I consigli tecnici per un buon curriculum:

  • il cv non deve superare le due pagine
  • deve essere scritto in modo semplice e lineare, con font chiari e facilmente leggibili
  • il tono non deve essere né troppo burocratico, né troppo colloquiale
  • deve essere formattato accuratamente (magari con paragrafi ben distinti) e scritto senza refusi
  • deve contenere tutti i dati anagrafici e l’eventuale presenza sul web
  • deve contenere l’esperienza formativa e professionale

I consigli psicologici:

  • scrivere solo la verità
  • non esagerare nell’esaltare i propri pregi
  • non sminuirsi
  • segnalare passioni molto caratterizzanti

Non mangiate pesante prima di scrivere un cv, rischiereste di fare un sogno così.

I consigli strategici:

  • scrivere curricula mirati per ogni azienda (spedire 300 cv tutti uguali è purtroppo inutile)
  • cercare di capire quale figura professionale puoi ricoprire in ogni singola azienda
  • indagare su quale sia il nominativo di un responsabile delle “risorse umane” e inviare il cv direttamente a questa persona
  • scrivere lettere di accompagnamento non troppo lunghe e non falsamente elogiative
  • mostrare quello che hai fatto, che sia un libro, un connettore, un sito, musica per videogiochi
  • non porsi in una posizione passiva.
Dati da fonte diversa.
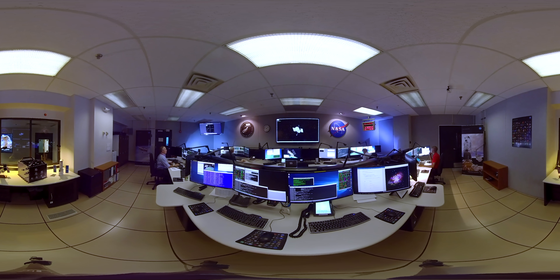If a problem comes up while the team is not present, they receive notifications on their cell phones, which they can use to access some of the spacecraft information and determine how serious the issue is. Depending on the severity, they may have to come into this room to address the issue.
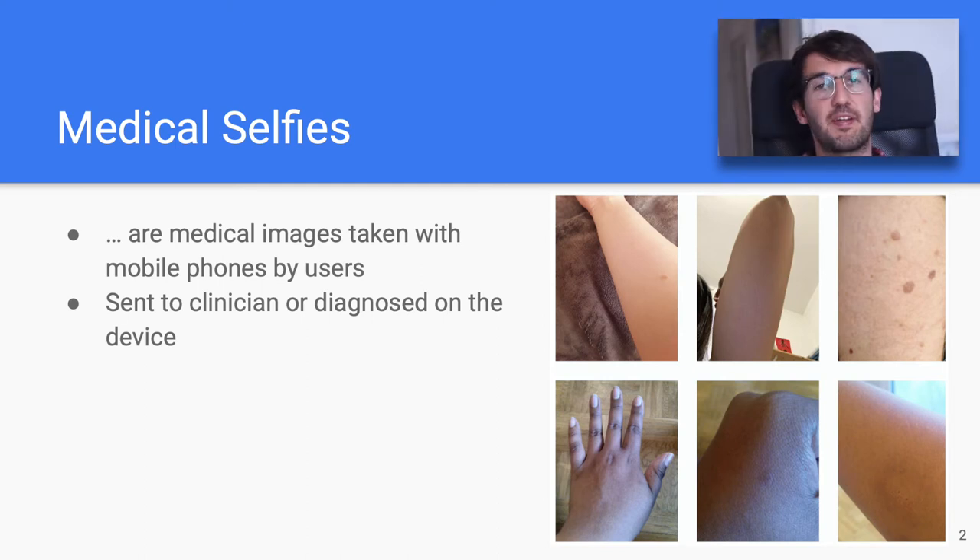So let's talk about medical selfies. Medical selfies are just like normal selfies, only that they are for medical purposes — for example, a rash or mole that you are concerned about. So you take your phone, take the photo, and then either send it to a physician or get it checked by an algorithm right on the device.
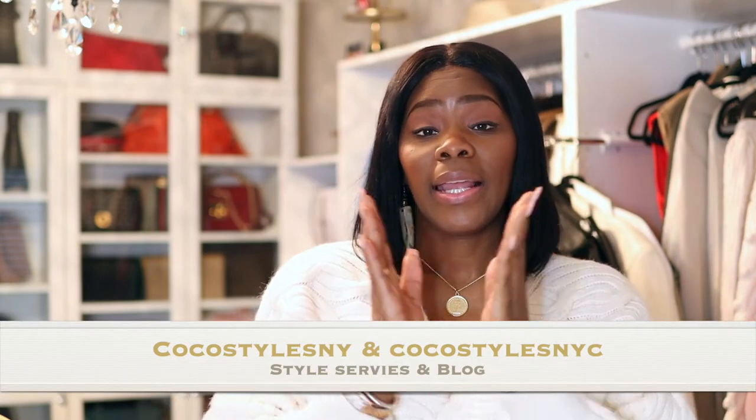Comment below if you liked this video, and if you stay to the end make sure you comment 'Coco we see you.' Follow me on Instagram at Coco Styles NY and Coco Styles NYC, and check out my blog Coco Styles NYC. Hit that subscribe button — YouTube is getting more fun for me. You do not need a ton of belts to have a functional belt collection, and I will catch you guys in the next one. Bye!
Anche se sei lì per farti passare ai raggi x, non hai meno dignità di chi sta valutando la tua candidatura ad un posto di lavoro

Prima ancora di iniziare a scrivere il cv, cerca di capire cosa ti piace fare davvero e sforzati in ogni modo di trovare tutti i contatti per fare proprio quello.
Se ti piace l’agricoltura biodinamica, iscriviti ad associazioni che se ne occupano, conosci gli operatori di quel settore di persona, mostra loro la tua passione e la tua preparazione nel modo più semplice e spontaneo possibile. Tu stesso sei il tuo miglior biglietto da visita!!
Anche se non sei più di primo pelo, non gettare alle ortiche la tua esperienza. Ha un grande valore!
Cerca dei corsi che possano accrescere la tua formazione e pensa a come far sì che la tua esperienza risulti come la ciliegina sulla torta della tua professionalità. Mettiti in rete, fatti conoscere, non per “venderti” ma per creare le condizioni perché i tuoi sogni lavorativi si avverino.

Al colloquio ricorda che il vestito farà forse il caporale, ma che il ripieno ce lo metti tu e che è quello a contare di più!

Ramanujan Srinivasa Aaiyangar era poverissimo, era un indiano nato nel 1887 ma riuscì a diventare uno degli astri più luminosi della matematica.

Nessuno può fermare i tuoi veri talenti e il tuo sincero entusiasmo!!